From the entries below, copy out every line with "Camera" in it.
-------- Listed entries --------
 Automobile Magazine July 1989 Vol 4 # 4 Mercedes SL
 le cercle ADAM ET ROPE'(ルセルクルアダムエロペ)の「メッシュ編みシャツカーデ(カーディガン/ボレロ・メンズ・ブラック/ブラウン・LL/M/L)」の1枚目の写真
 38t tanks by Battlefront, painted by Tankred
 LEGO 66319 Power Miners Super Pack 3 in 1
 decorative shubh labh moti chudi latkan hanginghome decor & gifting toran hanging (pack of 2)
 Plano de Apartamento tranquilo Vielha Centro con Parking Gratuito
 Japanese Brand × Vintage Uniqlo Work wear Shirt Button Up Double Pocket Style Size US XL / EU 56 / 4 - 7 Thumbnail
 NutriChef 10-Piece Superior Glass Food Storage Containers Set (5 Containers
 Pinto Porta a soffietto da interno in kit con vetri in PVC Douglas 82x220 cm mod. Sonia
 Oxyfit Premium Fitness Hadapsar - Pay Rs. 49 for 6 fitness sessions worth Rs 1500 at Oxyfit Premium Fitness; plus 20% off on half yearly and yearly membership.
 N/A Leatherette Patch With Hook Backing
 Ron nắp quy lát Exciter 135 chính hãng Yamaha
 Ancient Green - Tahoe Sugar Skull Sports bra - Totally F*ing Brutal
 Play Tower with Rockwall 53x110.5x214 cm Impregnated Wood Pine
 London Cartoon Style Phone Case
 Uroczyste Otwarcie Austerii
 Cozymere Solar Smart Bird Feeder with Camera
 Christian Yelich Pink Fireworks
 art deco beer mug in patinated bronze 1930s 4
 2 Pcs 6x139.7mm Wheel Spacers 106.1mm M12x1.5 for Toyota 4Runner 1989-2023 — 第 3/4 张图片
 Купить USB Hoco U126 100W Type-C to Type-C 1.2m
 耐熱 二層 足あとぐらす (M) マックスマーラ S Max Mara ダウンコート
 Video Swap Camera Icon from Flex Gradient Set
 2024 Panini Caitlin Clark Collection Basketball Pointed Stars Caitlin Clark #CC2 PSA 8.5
--------
▶ _Output for this task_:
 Cozymere Solar Smart Bird Feeder with Camera
 Video Swap Camera Icon from Flex Gradient Set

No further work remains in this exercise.